[Fedora-electronic-lab-list] Re: Embedded SIG

Ralf Corsepius ralf.corsepius at rtems.org
Tue Feb 17 07:05:02 UTC 2009

Chitlesh GOORAH wrote:
> On Mon, Feb 16, 2009 at 7:22 AM, Ralf Corsepius wrote:
>> The actual problems with embedded packages are elsewhere:
>> - Their target audience is comparatively small
>> => Little "end-user demand", little "developer interest".
> Hello Ralf,
> You are quite negative on this embedded solutions on fedora.

Well, I regret if it sounded this way, however what I wrote is based on 
personal experience, both as RTEMS upstream maintainer and as Fedora 

Let me try to elaborate:

>> The actual problems with embedded packages are elsewhere:
>> - Their target audience is comparatively small
>> => Little "end-user demand", little "developer interest".

Fact is, our user-base is small and doesn't overlap much with Fedora's 

It's just that most of the people who develop RTEMS (me being one of 
these) happen to use Fedora, while the community which is developing 
applications with RTEMS and contributed to RTEMS happens to use many OSes.

Adding to this, is the fact that professional embedded applications[1] 
tend to have very long life-/support-cycles and users using other tools 
which are not available on each host OS. All in all this leads to a 
tendency of RTEMS users to apply "caged and/or frozen" devel 
environments and them to be ultra-conservative OS-choice-wise.
=> RTEMS's user-base is not necessarily Fedora's user-base.

Now, some of you likely will want to point to CentOS. Yes, CentOS is 
quite suitable for users who have application in "long term/keep alive 
maintenance". Unfortunately CentOS is too outdated when it comes to 
upstream RTEMS development.

Here, instead of replacing packages from CentOS, our escape is to ship a 
caged development suite (installed to /opt/rtems-<version>) ourselves.

>> - Embedded packages tend to be huge.
>> => Mainstream users will accuse "Embedded stuff" to unnecessarily bloat Fedora.
The size of the Fedora RTEMS toolchain packages alone (not taking into 
account the other OSes we are supporting) are measured in GigaBytes.

I for one don't have much of a problem in adding this amount of packages 
to Fedora, but will the community be willing to accept this?
I would expect no, because related complaints already have popped up 
several times before.

>> - Embedded packages tend to be technically complex (e.g. cross-compilation) and to diverge from "native packaging" (e.g. shipping source code as contents)
>> => Fedora's review/maintenance infrastructure (reviews) and tools (esp: rpm) are not in a shape to make "getting such embedded packages into Fedora" easy.
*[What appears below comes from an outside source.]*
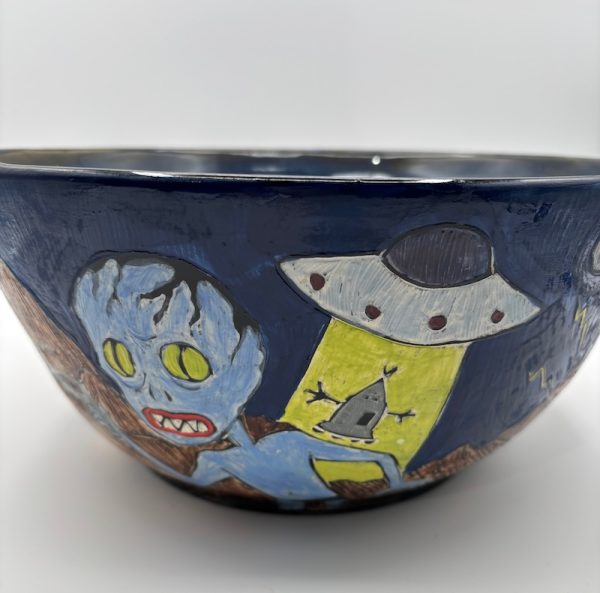 Robots vs Aliens Halloween Candy Bowl - Image 2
They often end-up in rejected, withdrawn submissions combined with endless discussions on details.
Well, there is nothing much to add. It's simply a fact.

Packaging cross-toolchains is complex due to it tripping over many 
pit-falls lurking inside of the "Fedora eco-systems", notably rpm.

>> - Due to the limited audience of "embedded products", the overhead/difficulties getting packages into Fedora implies and different objectives ("embedded vendor" vs. Fedora/RH), vendors of "embedded products" tend to provide packages of their own.
>> => Adding their packages to Fedora is of limited interest to them.
I once had submitted some rtems packages, but ... after they had been 
lingering around unattended in the review queue for many months (IIRC > 
1 years), I turned away and withdrew them.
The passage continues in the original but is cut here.